In Cobb’s judgment, the linkage between brains and computers is merely a metaphor, not to be taken any more seriously than the hydraulic or electrical analogies of earlier eras. And he suggests that the computational metaphor may have reached the end of its useful life. Here I disagree. I would argue that the brain really is a computer, in the same way that the heart really is a pump. The brain is not made of silicon, it doesn’t use binary arithmetic, and it doesn’t run Windows, but the brain computes. And unless there’s something spooky happening inside our heads, the brain is subject to the same constraints as any other machine on what it can and can’t compute.

Part 2 concludes with a chapter on consciousness, which Cobb bravely introduces with an epigram from the British psychologist Stuart Sutherland:

Consciousness is a fascinating but elusive phenomenon; it is impossible to specify what it is, what it does, or why it evolved. Nothing worth reading has been written about it.

It would be harsh to insist that Sutherland’s statement remains true and that Cobb’s final chapter is therefore not worth reading, but I think Cobb himself would acknowledge that consciousness is a murky area, in which no one knows the right questions to ask, much less the answers. If we set aside the problem of consciousness, I can imagine a theory of the brain that would explain animals’ strategies for escaping danger, finding food, and ensuring the future of their genes. But consciousness—that enduring sense of an “I”—brings us back to explaining sonnets and symphonies.

Part 3 consists of a single chapter on the future. Cobb’s outlook is optimistic, though veiled in vagueness. He goes on record maintaining that “the mystery of consciousness will eventually be solved, in ways I cannot begin to guess.” Of course, “eventually” covers a lot of territory. For perspective, it’s worth noting that Cobb also predicts it will take 50 years to understand the brain of a maggot (an organism whose nervous system Cobb himself has studied).

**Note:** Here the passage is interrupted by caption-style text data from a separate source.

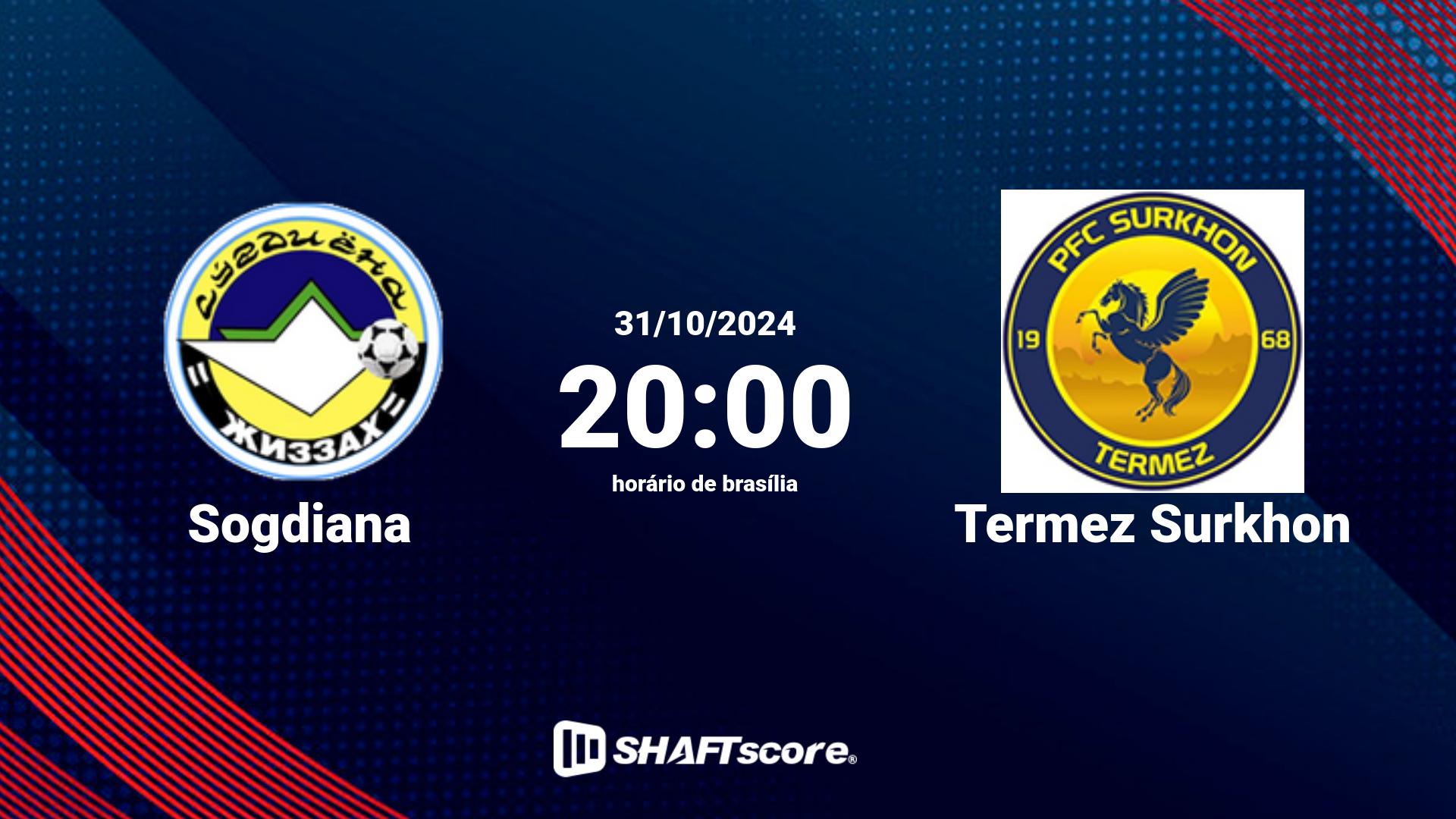 Estatísticas do jogo Sogdiana vs Termez Surkhon 31.10 20:00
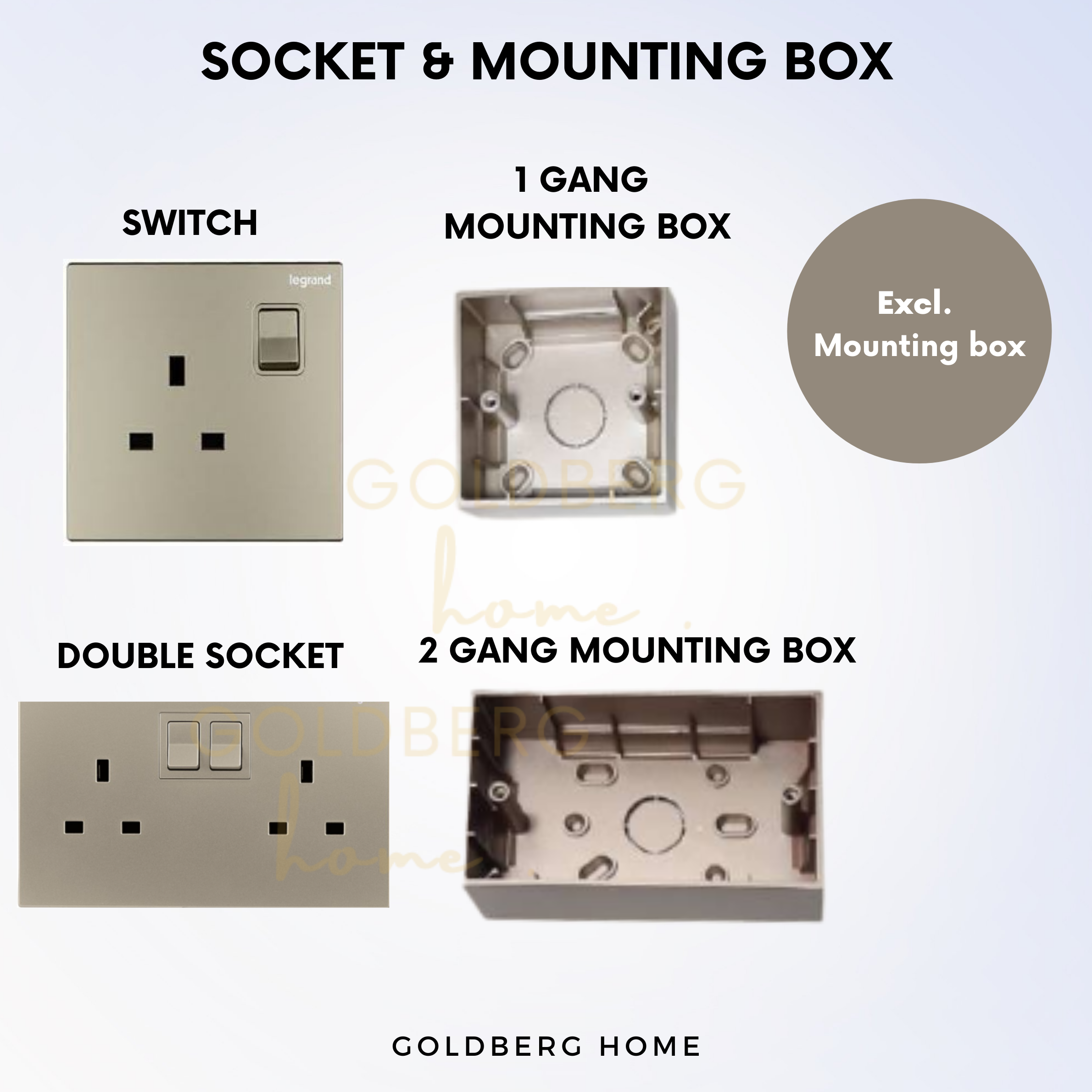 Legrand Galion switch socket module with base mounting frame for SG standard wall box installation by Goldberg Home.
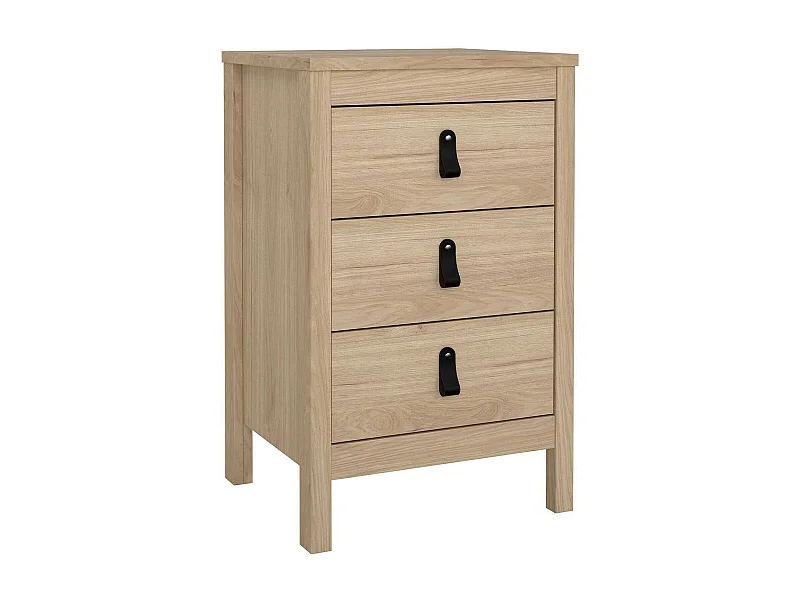 Mesa de noche Dsain, Cómoda baja, Mesilla de noche, Estante de la cama, 44x38 h70 cm, Roble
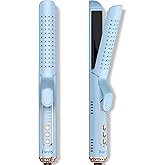 Farery Chill Set Soft-Air Curling Iron: Gentle Soft Air for Quick Styling & Long-Lasting Curls, Lock in Style with Cooling Air Vents, 2-in-1 Hair Straightener & Curler with Upgraded Long Barrel, Blue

The Idea of the Brain is a thorough, thoughtful, and enjoyable account of neuroscience for the general reader. Cobb is especially sure-footed in guiding us through the history of the field, which gets only brief and nodding attention in some other recent books. My one serious complaint is that Cobb shies away from the more mathematical and computational aspects of the subject. For example, the concepts of sparse coding, low-dimensional manifolds, and Bayesian statistics are all mentioned but not adequately explained. In some instances, Cobb concedes that he does not fully understand the concepts. Yet some of them are indispensable elements of promising, current theories of brain function—elements with which readers who work through the rest of this ambitious book deserve a chance to get better acquainted.